▶ SUPPLIED DATA
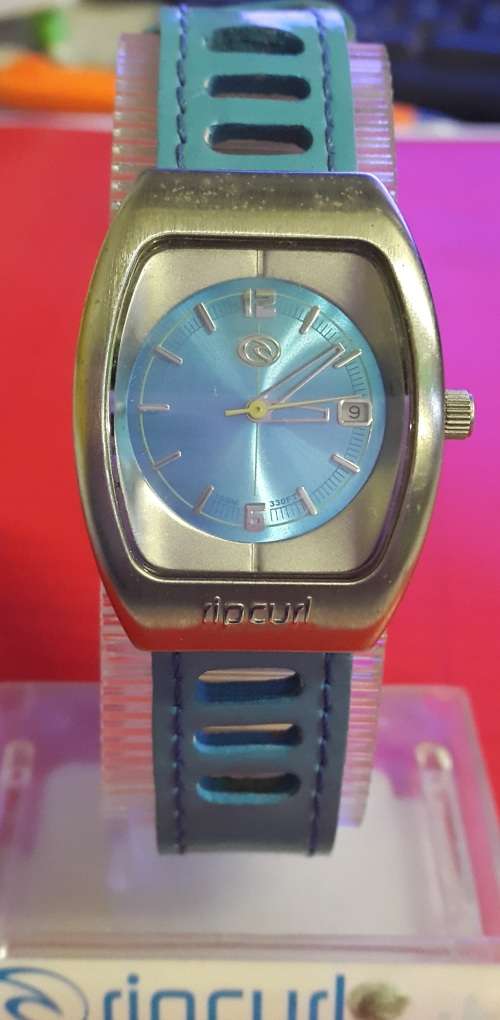 brand new ladies ripcurl ocean technology watch ACG @ low start R1 auction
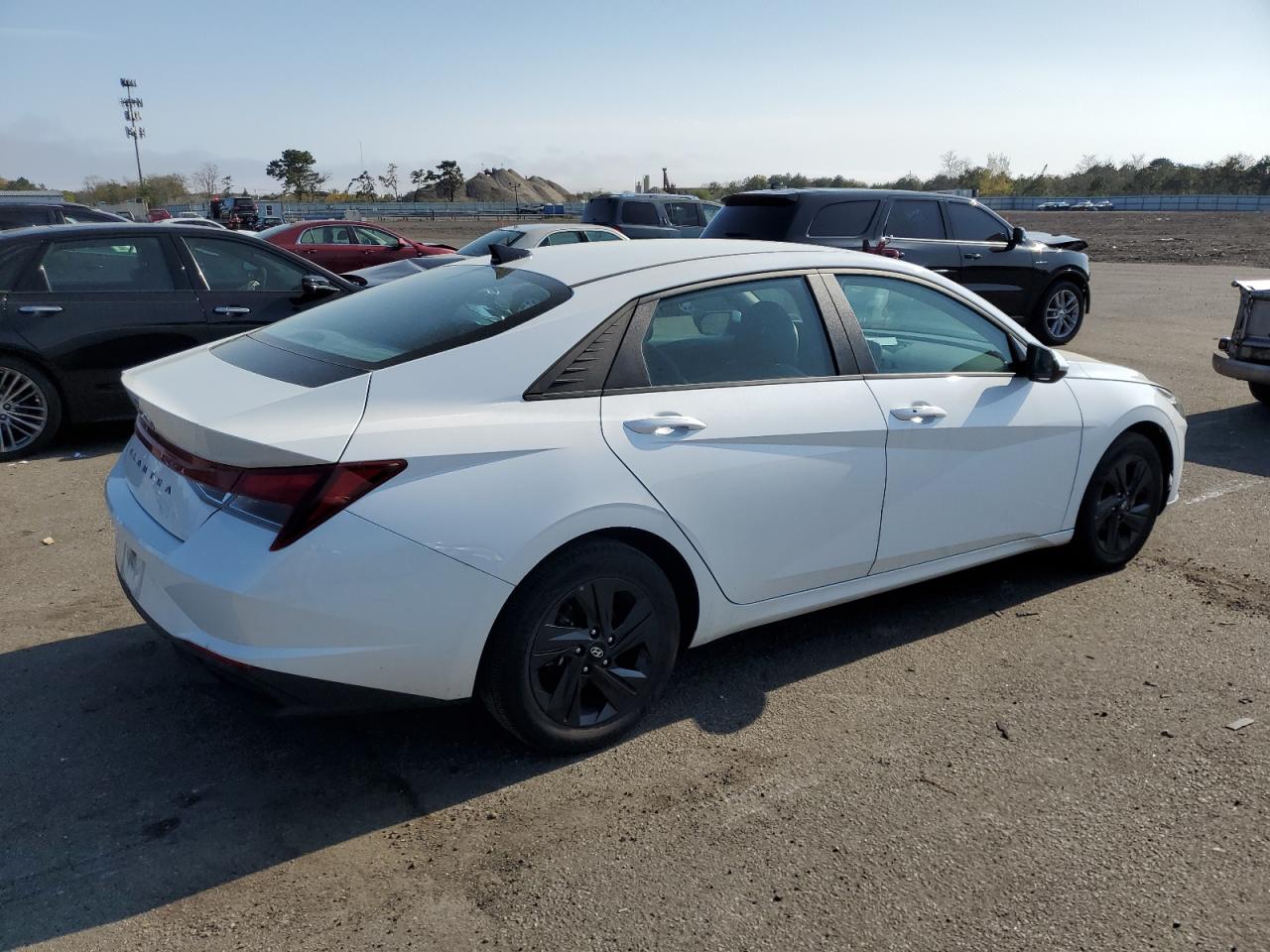 Photo 2 VIN: 5NPLS4AG1MH051350 - HYUNDAI ELANTRA 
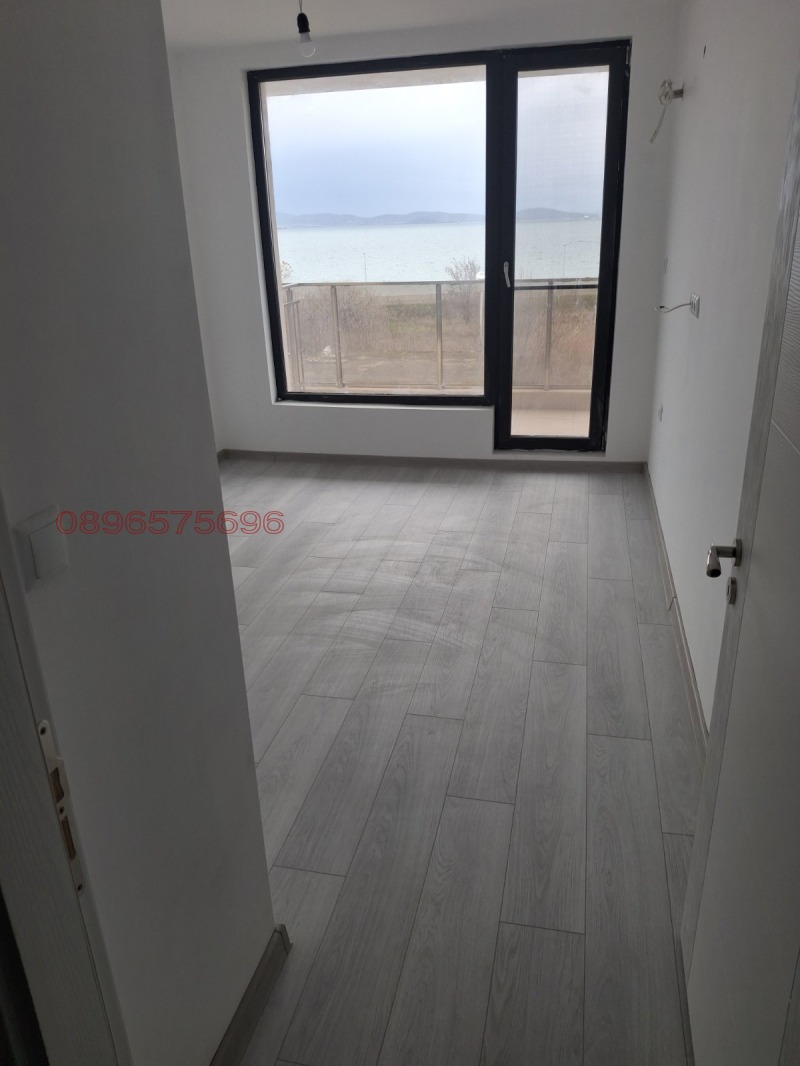Продава 2-СТАЕН, гр. Поморие, област Бургас, снимка 3 - Апартаменти - 53041440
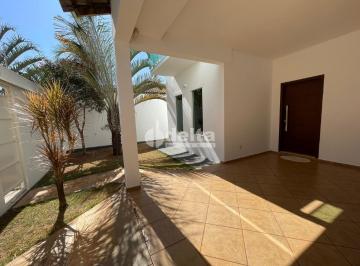 NULL · Casa residencial 4 quartos sendo 2 suítes disponível para locação e venda no bairro Jardim Karaíba e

▶ TASK DESCRIPTION
Leaving out all pictures, transcribe the listing exactly.

▶ SOLUTION TO THIS TASK
 brand new ladies ripcurl ocean technology watch ACG @ low start R1 auction
 Photo 2 VIN: 5NPLS4AG1MH051350 - HYUNDAI ELANTRA 
Продава 2-СТАЕН, гр. Поморие, област Бургас, снимка 3 - Апартаменти - 53041440
 NULL · Casa residencial 4 quartos sendo 2 suítes disponível para locação e venda no bairro Jardim Karaíba e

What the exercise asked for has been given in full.